Analysis of color feature extraction techniques for Fish Species Identification
Author(s) -
Uéliton Freitas,
Marcio Carneiro Brito Pache,
Wesley Nunes Gonçalves,
Edson Takashi Matsubara,
José Sabino,
Diego André Sant’Ana,
Hemerson Pistori
Publication year - 2020
Language(s) - English
Resource type - Conference proceedings
DOI - 10.5753/wvc.2020.13495
Subject(s) - artificial intelligence , computer science , rgb color model , feature extraction , pattern recognition (psychology) , support vector machine , bag of words model in computer vision , histogram , classifier (uml) , computer vision , histogram of oriented gradients , hsl and hsv , feature (linguistics) , contextual image classification , identification (biology) , image (mathematics) , image retrieval , visual word , linguistics , virus , philosophy , virology , biology , botany
Color recognition is an important step for computer vision to be able to recognize objects in the most different environmental conditions.
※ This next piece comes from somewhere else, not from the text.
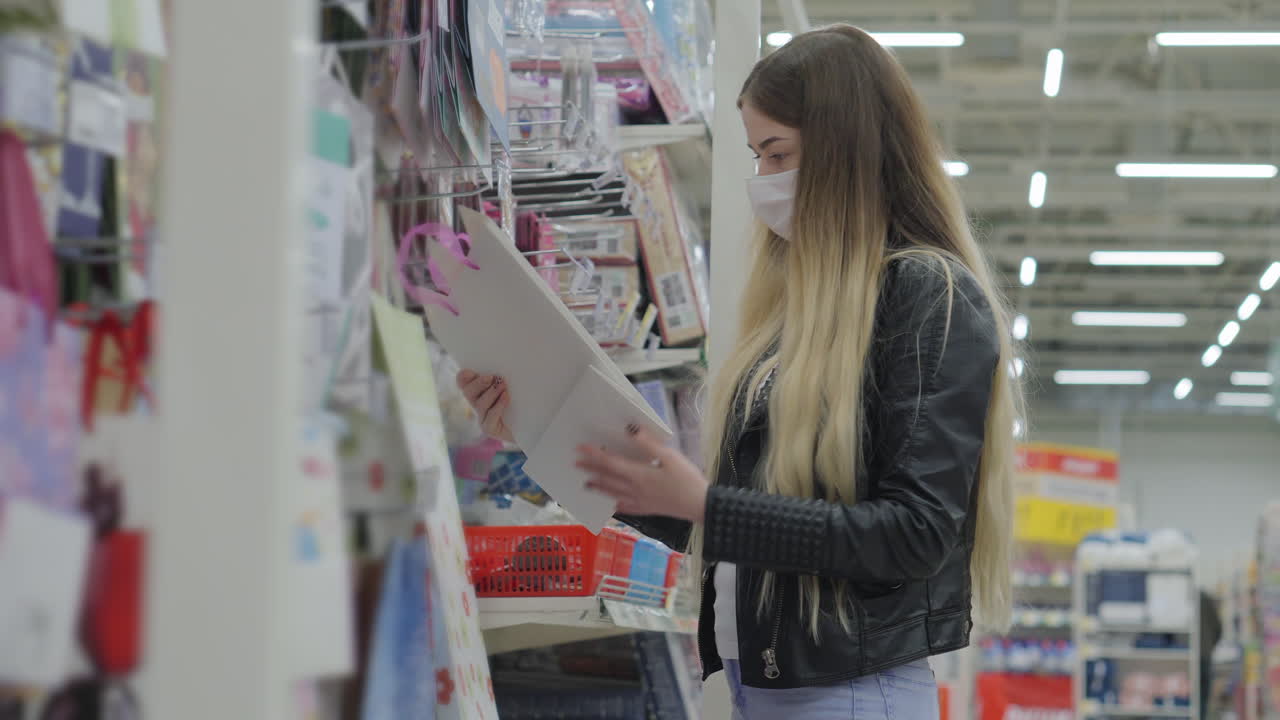 mujer comprando suministros en una tienda de artesanía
Classifying objects by color using computer vision is a good alternative for different color conditions such as the aquarium. In which it is possible to use resources of a smartphone with real-time image classification applications. This paper presents some experimental results regarding the use of five different feature extraction techniques to the problem of fish species identification. The feature extractors tested are the Bag of Visual Words (BoVW), the Bag of Colors (BoC), the Bag of Features and Colors (BoFC), the Bag of Colored Words (BoCW), and the histograms HSV and RGB color spaces. The experiments were performed using a dataset, which is also a contribution of this work, containing 1120 images from fishes of 28 different species. The feature extractors were tested under three different supervised learning setups based on Decision Trees, K-Nearest Neighbors, and Support Vector Machine. From the attribute extraction techniques described, the best performance was BoC using the Support Vector Machines as a classifier with an FMeasure of 0.90 and AUC of 0.983348 with a dictionary size of 2048.